The non-containerized workload definition for us is SQL, Scala, and Pyspark using standard list of dependencies, such as by arrow or pandas. Pyspark with complex dependencies or machine learning workload fits very well the containerized workload, which will continue to run in Kubernetes. This ensures that the scale for Kubernetes workload is small enough to not cause issues to our infrastructure.
The other reason for using the hybrid model was to not disrupt the existing Kubernetes workload nor to engage in costly migration that would lead to customer dissatisfaction in the short-term. The cost of the solution was small considering we already had Hadoop deployment for YARN.
Now, let’s review the architecture of the hybrid model. Previously, flight was our only entry point. The existing non-containerized workload would keep using the same path as before. Flight would submit the new CRD to the Spark Operator, which would end up creating the Spark driver pod, which uses Kubernetes control plane to create the executor pods.
For the containerized workload, we have added a new gateway as seen in the diagram. The gateway would be able to submit and watch the execution of the Spark CRD in the same way that flight does. To accommodate the YARN execution, we chose to keep that Spark driver still running as a Kubernetes pod. However, unlike the Kubernetes model, where each customer has their own namespace, in this YARN mode, all the drivers share the same namespace. The driver would still have memory and CPU limits as before, preventing noisy neighbor problems.
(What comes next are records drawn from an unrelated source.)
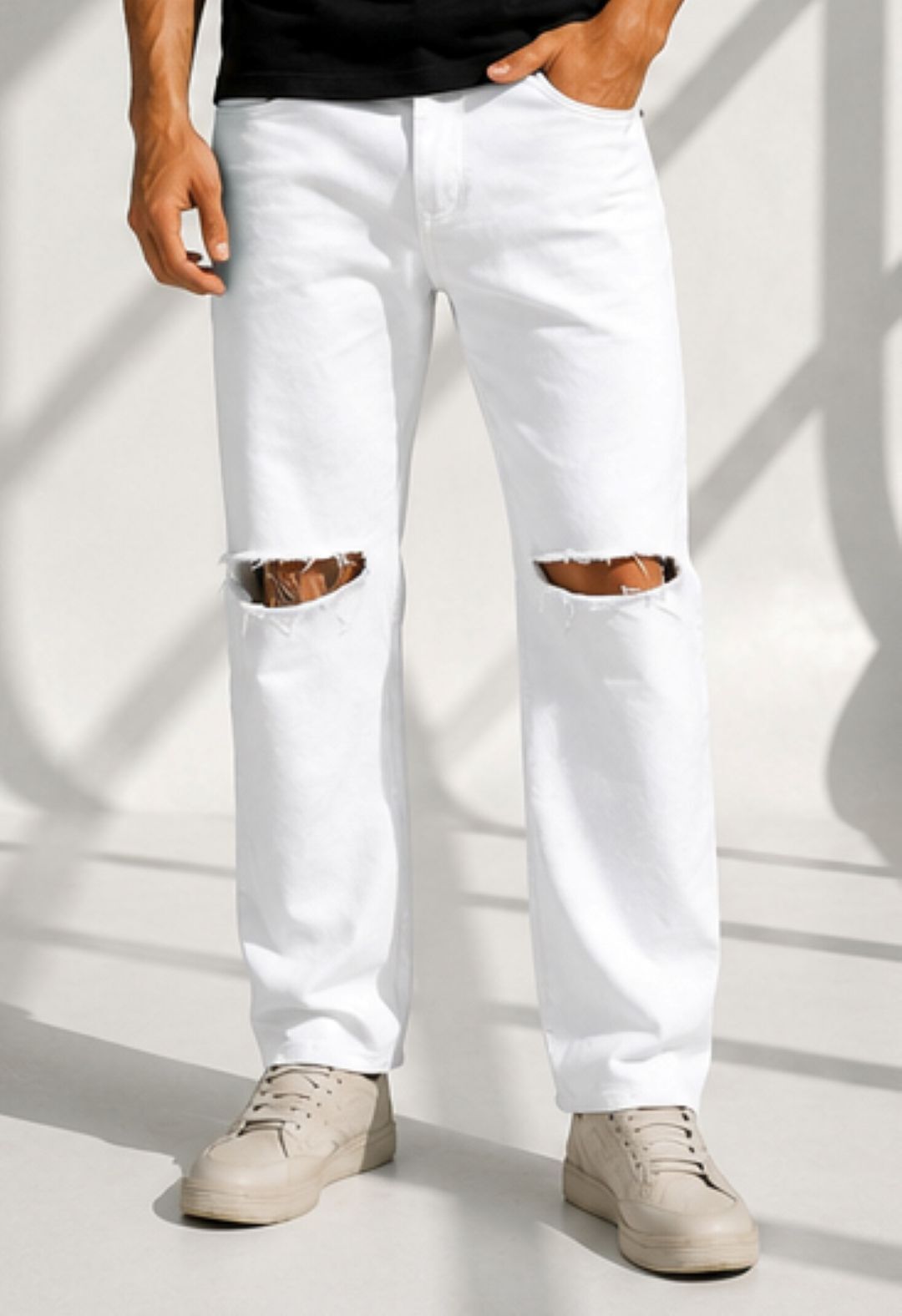 moda rapido Men Regular Mid Rise White Jeans-picture-11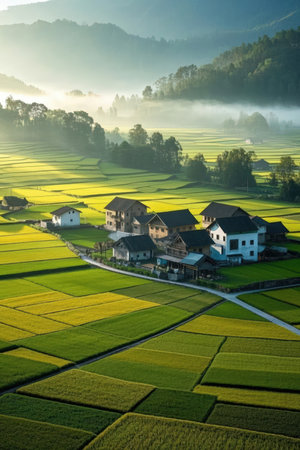 Aerial view of rice fields and village in the morning with fog.の素材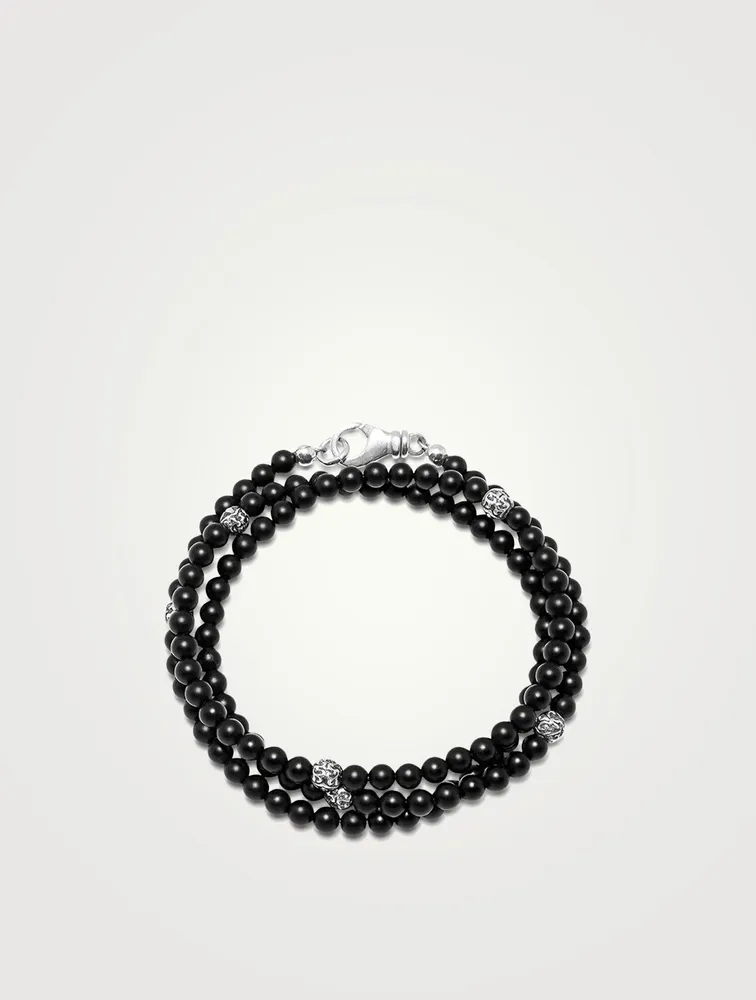 Beaded Wrap Around Bracelet With Matte Onyx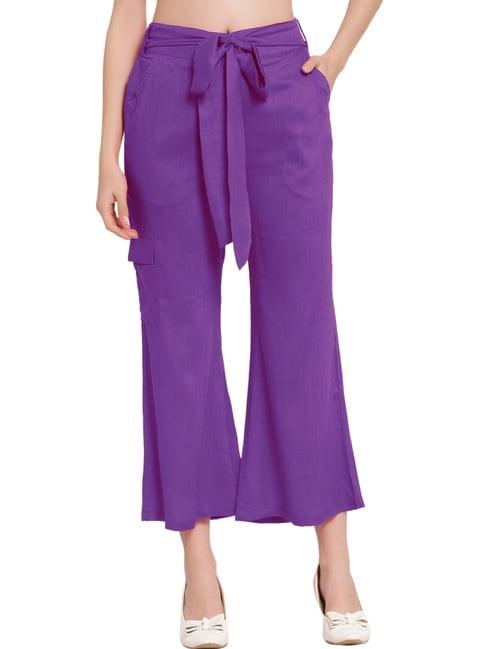 patrorna purple mid rise relaxed fit cargo trousers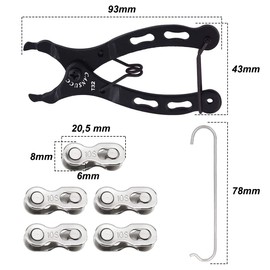 Saipor 10 Speed Bicycle Chain Repair Kit 5 Pairs Bicycle Chain Link Quick Link MTB Bike Repair Kit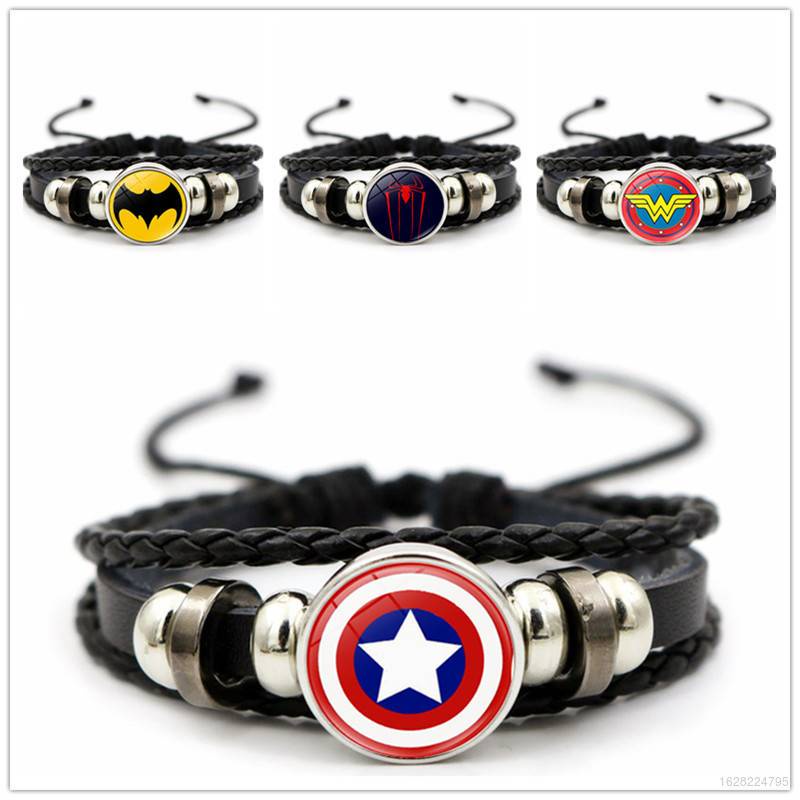 marvel superhero capitán américa batman spiderman ironman superman pulsera  de cuero de gema | Shopee México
In Spark pod, before the execution of the driver, the master will be changed from Kubernetes to YARN, and the Spark configuration will be amended for the execution environment to be as the application expects. The executors to be allocated in YARN, the shuffle service would be used and the application would complete successfully. The actual rewriting of the Spark configuration would be performed by another tool, which I’ll describe later in the slides.
During the execution of the entire workflow, the Spark Operator will still be able to monitor the status of the Spark driver, as it used to be before and report it back to flight or to the gateway. This workflow will not be applied at the runtime for the containerized workload running in Kubernetes.
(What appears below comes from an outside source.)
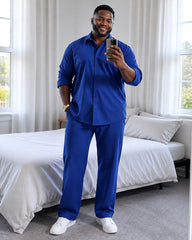 Big & Tall Men's Royal Blue Long Sleeve Shirt Pants Set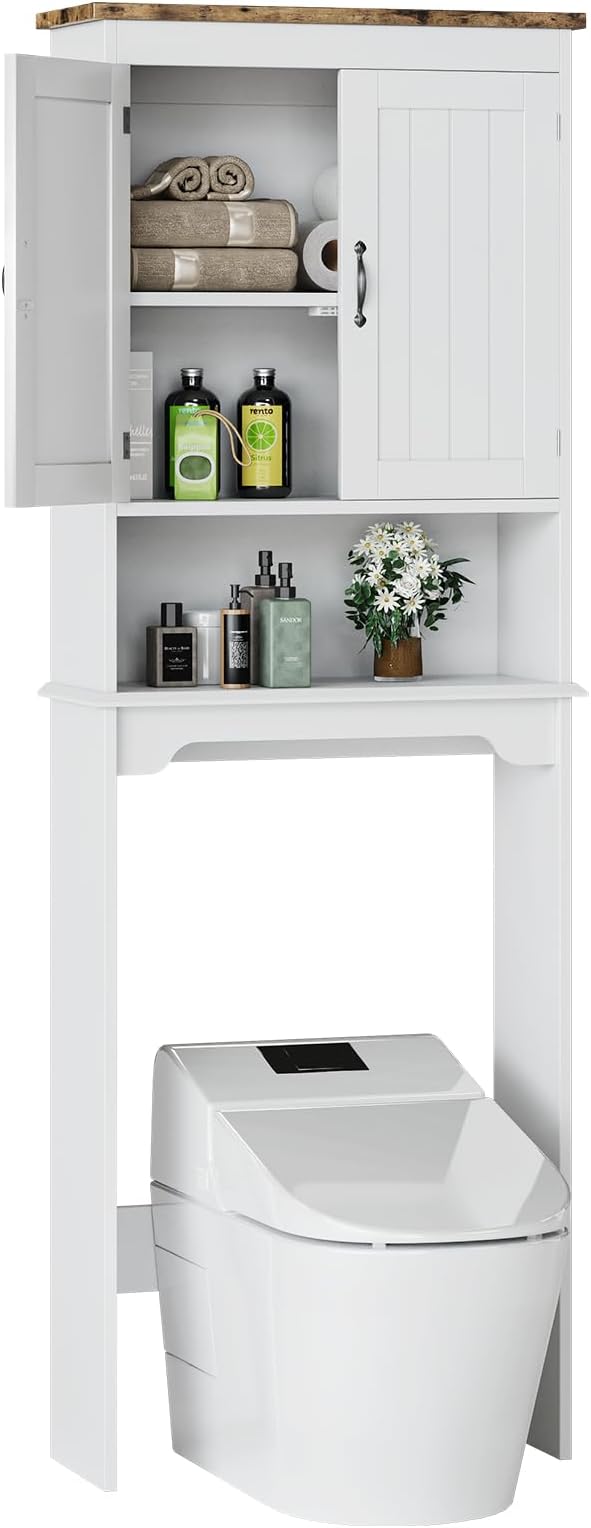 GarveeHome Over The Toilet Storage Cabinet, 66 in H Bathroom Space Saver Organizer with Double Doors & Adjustable Shelves Free Standing Toilet Shelf for Small Bathrooms, Easy Assembly, White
In the next slide, I will discuss the advantages of the hybrid model. While the containerized workload, we do not see a big difference when running in Kubernetes. Most of the improvements are specific to non-containerized workload with executors run in YARN. The benefits are fast executor startup time. Creating a new process inside of the node manager is very fast. We do not need an IP address nor images to be downloaded on the local node. The YARN distributed cash helps with distributing the YARN jars and Pyspark modules very efficiently.
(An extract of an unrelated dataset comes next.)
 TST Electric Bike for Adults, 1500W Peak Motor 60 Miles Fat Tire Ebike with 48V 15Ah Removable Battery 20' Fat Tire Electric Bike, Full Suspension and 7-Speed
Using fair scheduler in YARN is better than the default namespace quota resource management. For example, in the Kubernetes model, if the namespace is over quota, not even the drivers are admitted. This leads to poor visibility over a job that keeps retrying to get the driver report over a long period of time.
In hybrid solution, all the queuing happens in YARN and the resource allocation model is much cleaner. If the query is wrong, for example, we know the answer right away rather than waiting for the minutes to get a driver report. The Python workload without dependencies would also enjoy the same benefits highlighted above. In addition to that, the iteration speed was improved. While for containerized workload, a Docker image has to be created on each code change. Using YARN, the Delta can be packaged automatically and the job can be submitted right away.
There has been a lot of discussion about the shuffle service and using shuffle managers. But on the current Kubernetes implementation, lost shuffle files cost stages to be retried, which adds up to the wasted compute. We feel using an external shuffle service is still an upgrade compared with the executor serving shuffle files. However, we appreciate the effort of the open source community that has been done in Spark three one to improve this aspect.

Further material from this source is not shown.